Employee Leaves or is Terminated

Your BYOD policy must address what happens when an employee leaves—or is terminated from—the company. It must also include actions that will be taken if a device is lost. It is imperative that corporations retain the right to remotely wipe all data from a device in any of these scenarios. In addition to leaving or being terminated, clearly state that the employee’s device will be remotely wiped if the employee loses the device, a data or policy breach has been detected, or if an incorrect password is typed in more than a certain number of consecutive times.


This section should address how corporate information will be shared on these devices.
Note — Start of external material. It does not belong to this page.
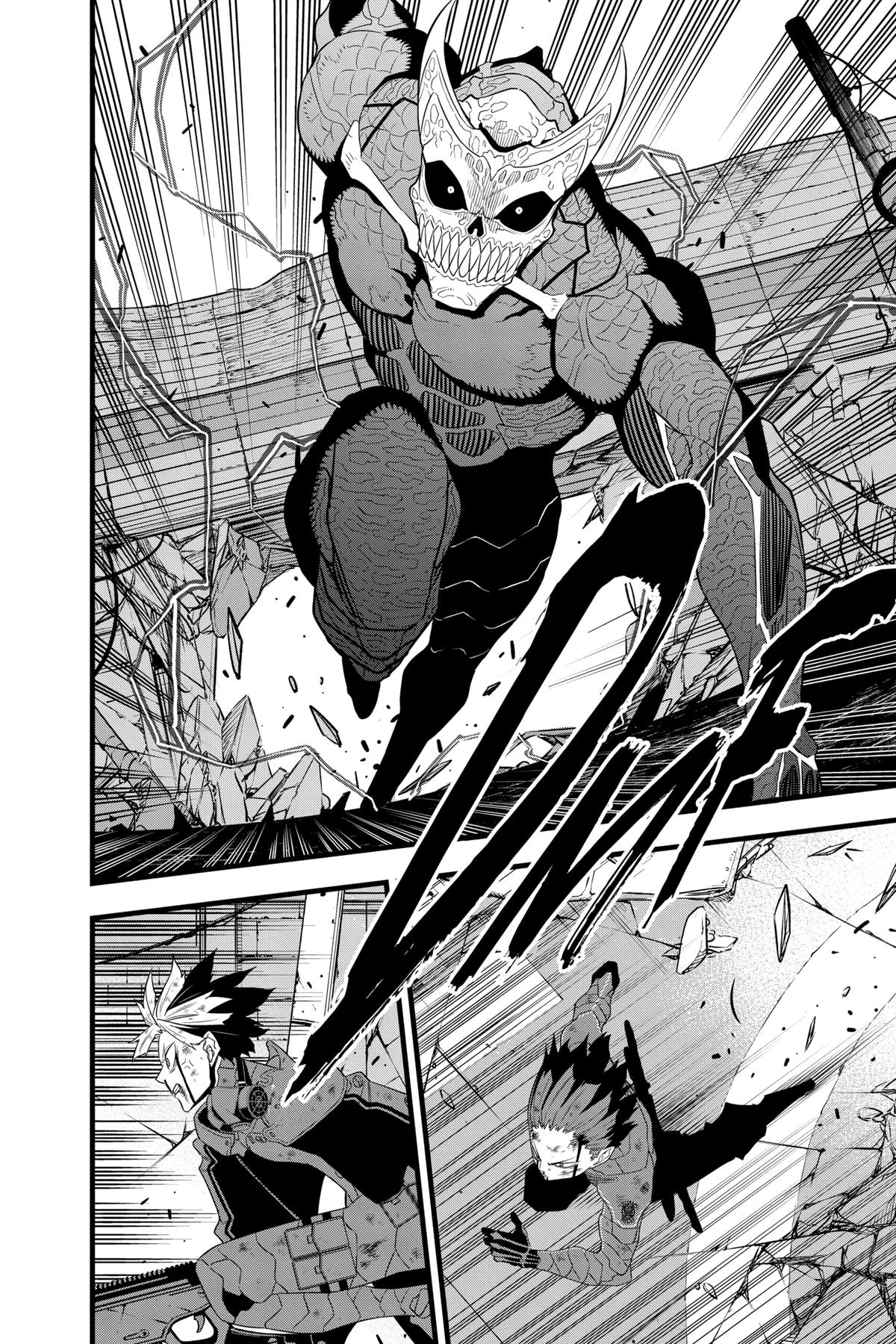 Kaiju No. 8 Manga Chapter 97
Will you create access to a corporate DropBox account or will access be more sophisticated and extensive (e.g., allowing employees to access their desktop from these mobile devices)?   If you leave this up to the individual, then you will find that everyone is accessing data differently, and you will have some data chaos on your hands—which is difficult to remedy.

Expectation of Privacy

It should be noted that your organization respects the privacy of its employees, but that a device used for work will need to be accessed by multiple stakeholders. The privacy policy should note that any and all communications passing through the device (even personal ones) could be accessed and referred to at any time.


Your organization’s BYOD policy must contain a section on liability that protects the company from the loss of any of the user’s data and from any service disruptions. In addition, note that you have the right to remove any supplied applications from the device as a result of a violation of the BYOD policy. In addition, your policy should include a statement about how users are expected to follow all safety laws, regulations, and common sense when using their smartphones (i.e., no texting while driving).

Last word

At the end of the day, BYOD is more than just a policy; it is a shift in corporate culture. If your organization is one that requires personal mobile access for maximum productivity, and you are willing to invest the IT support dollars that inevitably come with a strong BYOD policy, then go for it.
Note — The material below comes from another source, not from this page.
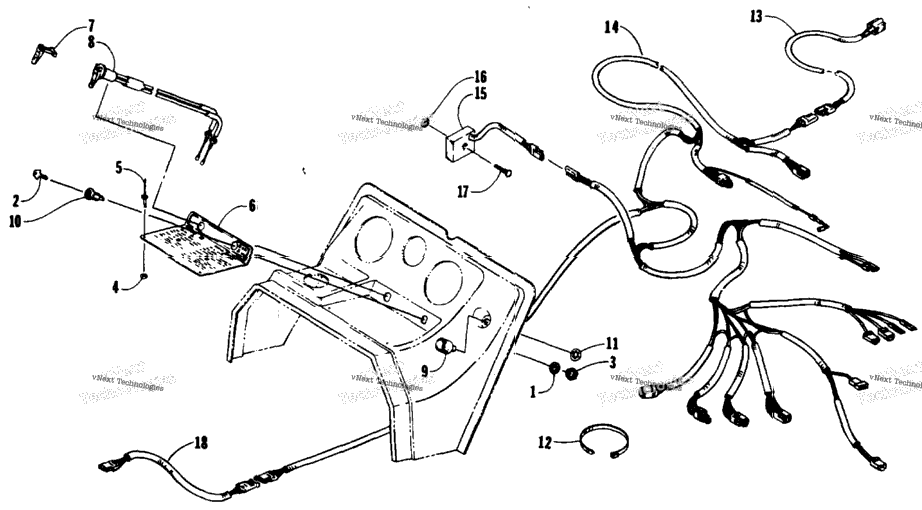 Ignition, Choke, And Wiring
If, on the other hand, you are leading a high-security organization or your company’s industry is highly-regulated and requires multiple levels of compliance, a BYOD environment might not right for you.

In general, it is important to remember that the greater the variety of devices you allow onto your organization’s network, the higher your risk for data loss. BYOD policies must be thorough, comprehensive, and accompanied by multiple trainings to ensure that both employees and corporate executives understand the benefits and risks.

Small Cheetah

Optimal’s e-newsletter articles contain original content by Heinan Landa.  Permission is granted to copy this article as long as the following information is included: Heinan Landa is CEO of Optimal Networks, an IT support, management, and consulting company that helps technology drive clients’ business goals.  For more information, visit or call 240-499-7900.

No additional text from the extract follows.